- None: Just asking a question out of curiosity
I am running a ray remote task with num_cpus=1 and I notice in the dashboard that many tasks have CPU Usage > 100%, sometimes above 300%
I would like to understand why is that and
- Is it okay or any downside of it exceeding 100% and,
- What could be done to keep it at or below 100% (It doesn’t matter if its not a bad thing though)
@ckapoor can you include a script that sends the CPU into the stratosphere?
Also, include the snapshot of the CPU utilization on the dashboard.
@rickyyx @sangcho This should be curiously intriguing if we can reproduce it.
@ckapoor today Ray resources are logical. This means it doesn’t prevent a task requiring 1 logical cpu to actually over use more physical cpus; and it’s totally OK to use more than claimed from Ray’s point of view.
At the moment Ray doesn’t provide ways to limit task usage. For more information on Ray’s logical resources you can refer to Resources — Ray 2.3.0
Hello @Jules_Damji ,
Unfortunately, I cannot attach the script or share code but essentially its a python script that uses pandas and numpy operations on the data.
I have attached the picture of the task CPU%.

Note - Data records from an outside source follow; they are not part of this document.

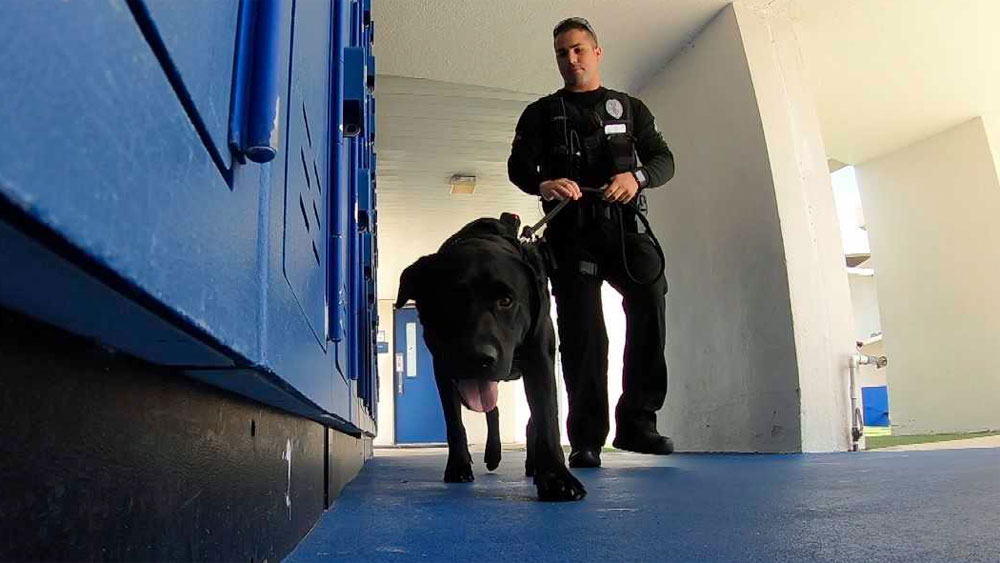 wptf-fau-k9.jpg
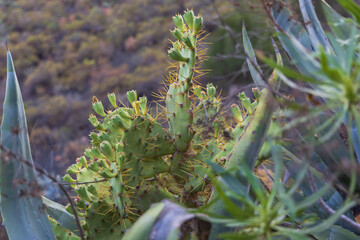 Plants, flowers, cacti in the protected reserve of Caldera de Bandama in Gran Canaria, Spain
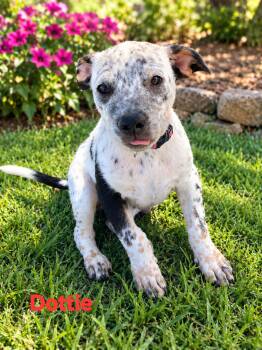 Dottie -  German Shorthaired Pointer Dog for Adoption in New Port Richey, Florida - Dottie | PetCurious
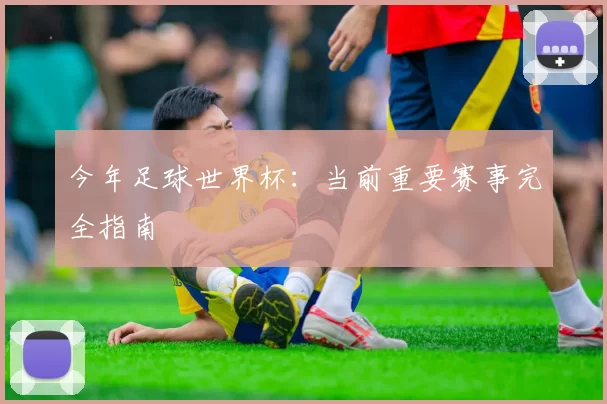 今年足球世界杯：当前重要赛事完全指南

fyi - The solution to the above issue when using Ubuntu machines is to set the ENV variable OMP_NUM_THREADS = 1
I have attached the screen shot for a similar job.
However, Ray team can continue investigating if it helps.
I have a followup question though primarily because of lack of my understanding.
The underling EC2 machine shows 90% CPU utilization for hours but the above dashboard shows 99%.
What is the dashboard metric actually capturing?
@rickyyx @sangcho Why the discrepancy from what the dashboard is showing. and what the actual EC2 machine is showing. @ckapoor for the EC2, you using ubuntu utils like htop or top to see the load?
As far as I know, and the @rickyyx can correct me, we get cpu stats from /proc/stat programmatically
with respect to the env OMP_NUM_THREADS, we document the behavior here
@Jules_Damji I am using a much simpler EC2 console.
Please see the attached pic:
Hi, @ckapoor the per process’s CPU unit is a “single CPU”, meaning if you use more than 1 CPU (e.g., multi threading using OMP_NUM_THREADS or some native code using multi threading under the hood), it can exceed 100%. This means you are using more than 1 CPU from a single worker (single python program).